The latest in a long line of evergreen critiques of the hedge fund industry is that "alternative" strategies are starting to look suspiciously like plain-vanilla equities. The data certainly supports the claim: correlations have crept steadily higher over the past few years, with many active strategies now moving in lockstep with the broad market.
But pointing out that correlation is rising is only the first step of a larger discussion. The more pressing issue is that we are still trying to measure this shift using a metric that simply wasn't designed for this level of market complexity.

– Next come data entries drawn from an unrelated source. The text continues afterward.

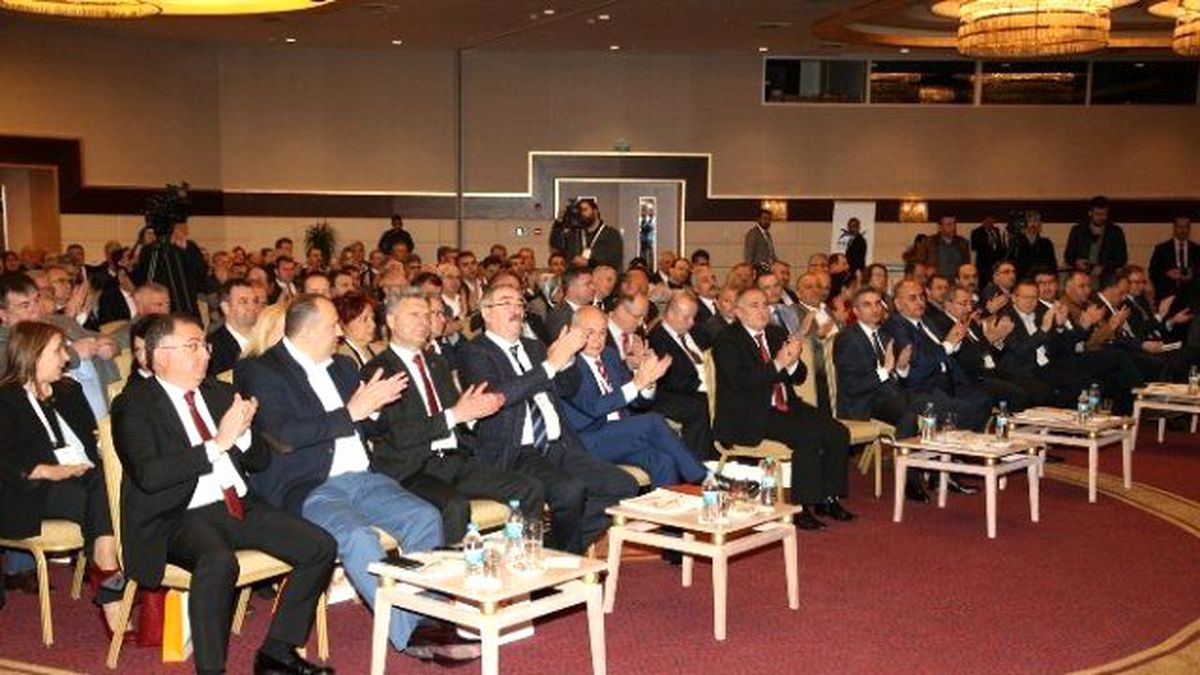 Marmaralı Başkanlar Abant\'ta Buluştu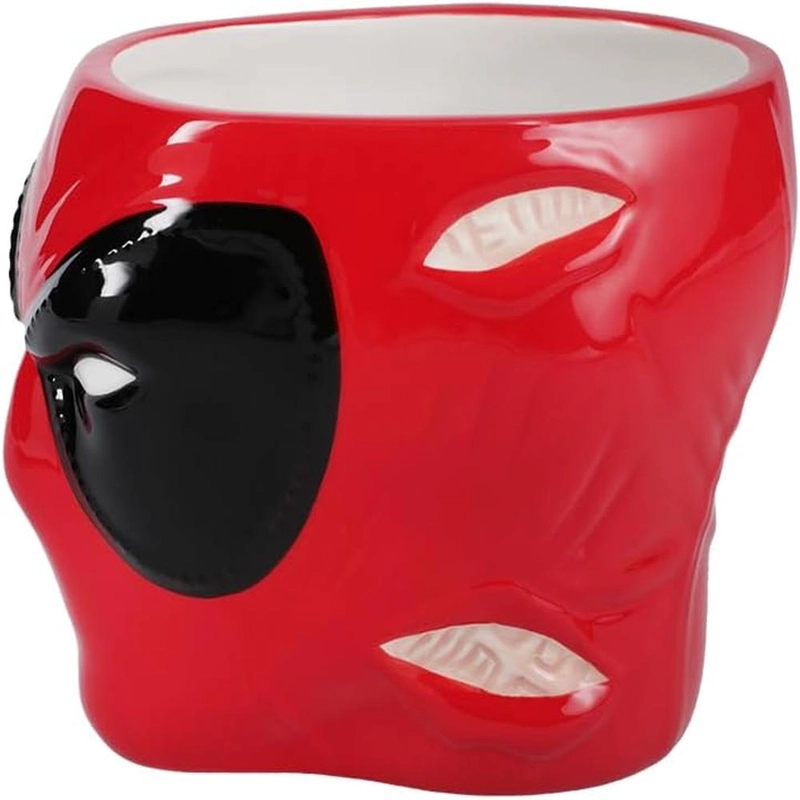 PALADONE MARVEL DEADPOOL, TAZA CERÁMICA CÓMIC OFICIAL - 3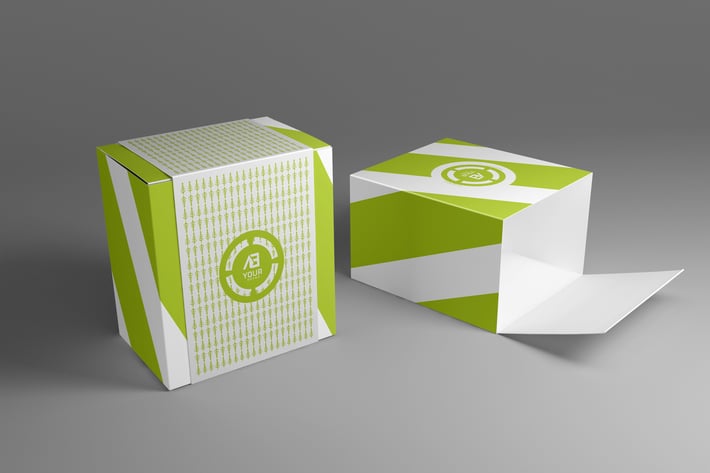 Packaging Mock-ups 117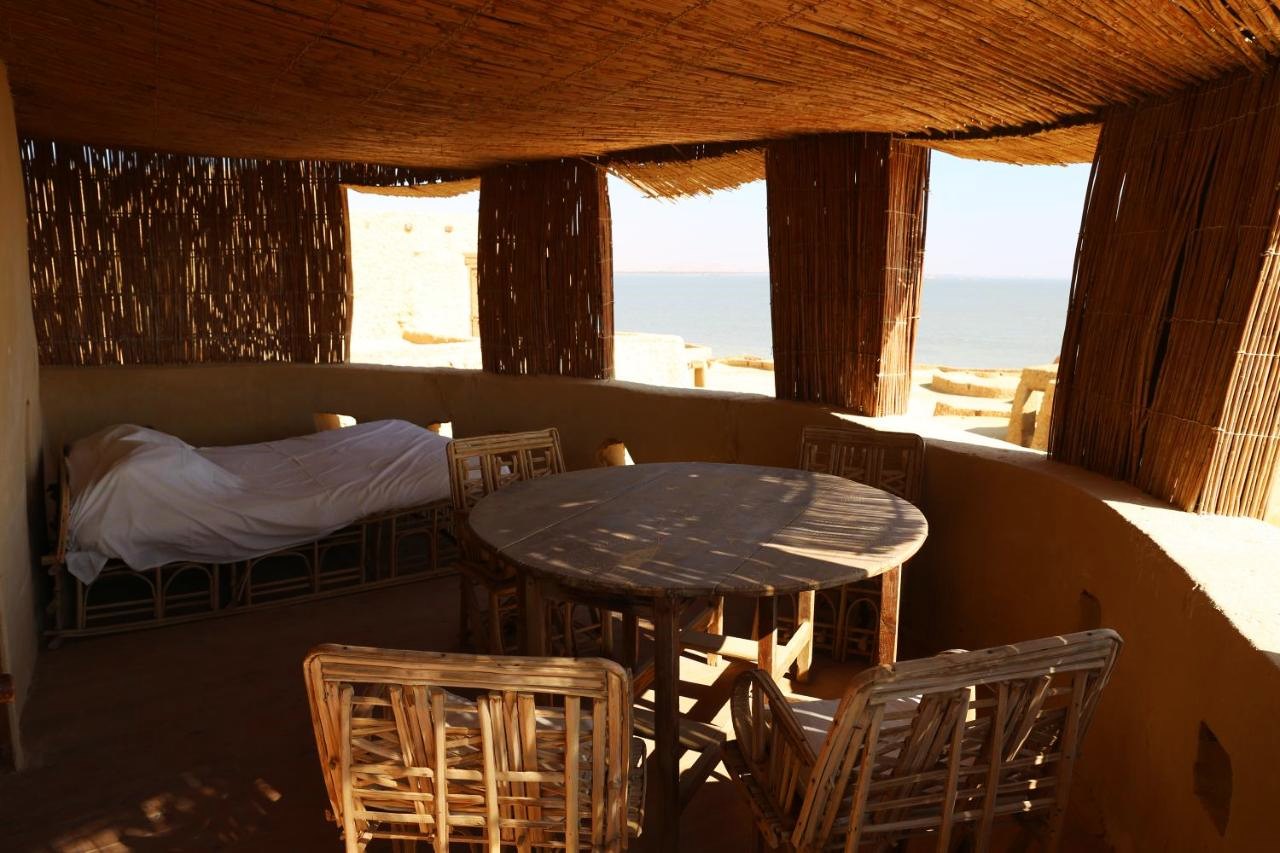 Adrère Amellal en Siwa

Most institutional discussions live and die by a single data point: the five-year monthly correlation to the S&P 500. It’s a clean, spreadsheet-friendly figure. It’s also incredibly blunt.

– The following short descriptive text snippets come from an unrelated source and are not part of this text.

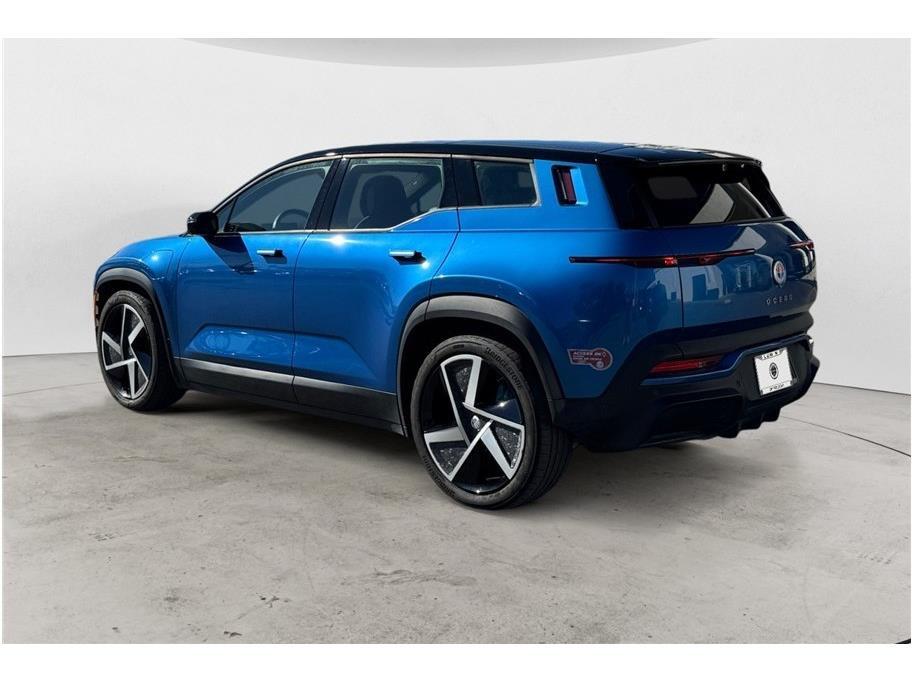 2023 Fisker Ocean Extreme Sport Utility 4D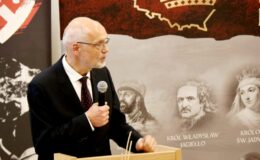 Konferencja „Budowanie tożsamości narodowej, poprzez politykę historyczną”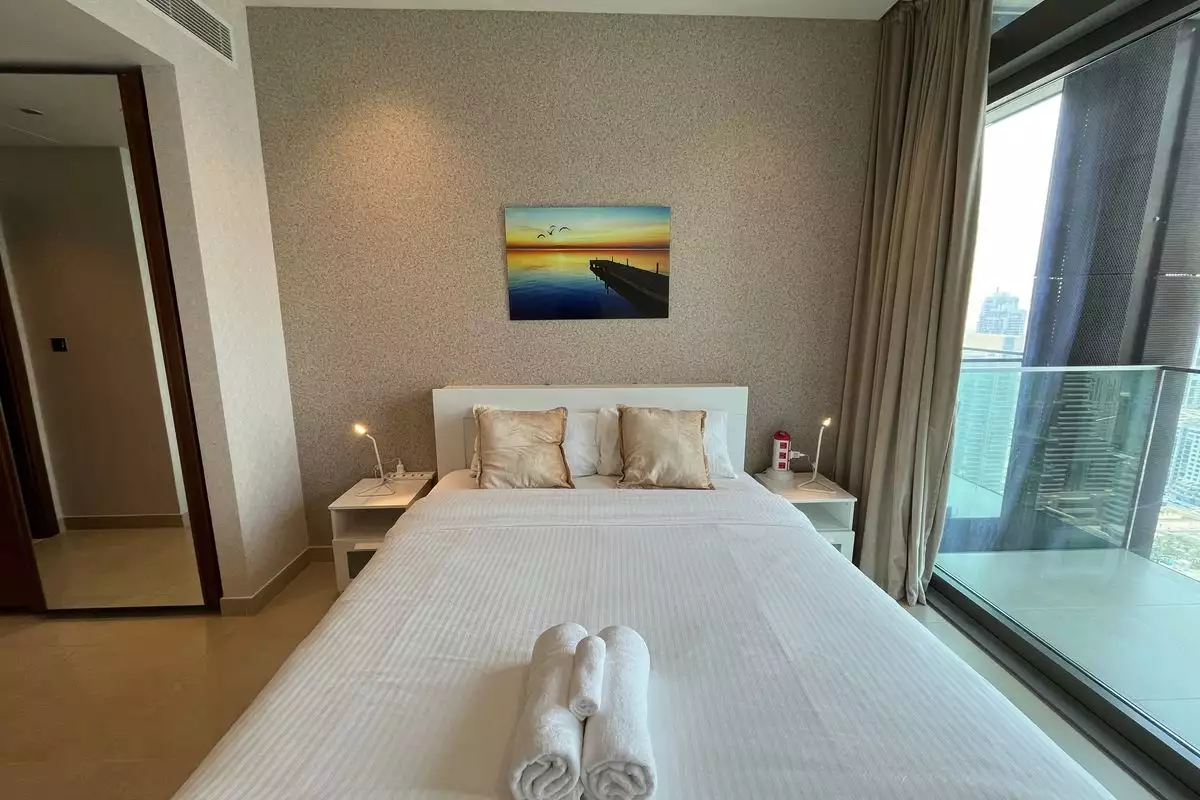 Flat 81m² in UAE, Dubai. Priced at 849033€ rent photo-11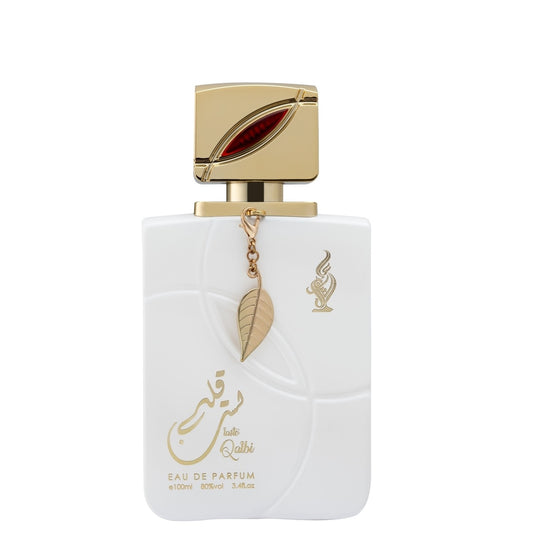 100 ml Eau de Parfum Lasto Qalbi cu Arome Fructoase de Mușchi pentru Femei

The problem with a long-window average is that it treats a decade of "Goldilocks" growth and a week of sheer market panic as equivalent data points. It smooths over the exact moments when you actually need a strategy to be uncorrelated.
A strategy can carry a modest 0.3 correlation for years, yet behave exactly like a levered index the second volatility spikes. If a fund's equity-like behavior is episodic, aka flaring up only during stress, a long-term will actively lie to you.
Correlation isn't a fixed property of a fund, it’s a function of market regime. Instead of asking "what is the correlation?", we could also be asking:
- What is the correlation when the S&P is down 5%?
- How does it move during a liquidity squeeze?
- What happens when the VIX breaks 30?
Down-market correlation (or "tail correlation") is far more informative than a full-period average. Many strategies are uncorrelated in calm seas but become highly synchronized the moment the exits get crowded. That asymmetry is what breaks portfolios. If you’re paying for diversification, you need to measure it in the environments where it’s actually supposed to show up.
When hedge funds start "looking like equities," it’s often because they are fueled by the same macro tailwinds: persistent momentum, growth leadership, cheap liquidity.
We need to distinguish between structural exposure and regime-driven convergence.
Structural: The manager is intentionally running high beta or factor tilts (like Mega-cap Tech) to chase returns.
Regime-driven: The manager’s process is sound, but the entire market is being pulled by a single gravity well (e.g., a sudden spike in real yields).
One is a design choice; the other is a market reality. Attribution analysis, including looking at factor-level overlaps, tells you which one you're dealing with. A single correlation coefficient cannot.
Rising correlations aren't a moral failure of the hedge fund industry. In a market where capital crowds into whatever is working, overlap is inevitable.
The mistake isn't that correlations are rising, it’s more-so the assumption that a backward-looking, smoothed-out number can predict how a portfolio will hold up tomorrow. Correlation analysis should be a diagnostic process, not just a line item on a quarterly report.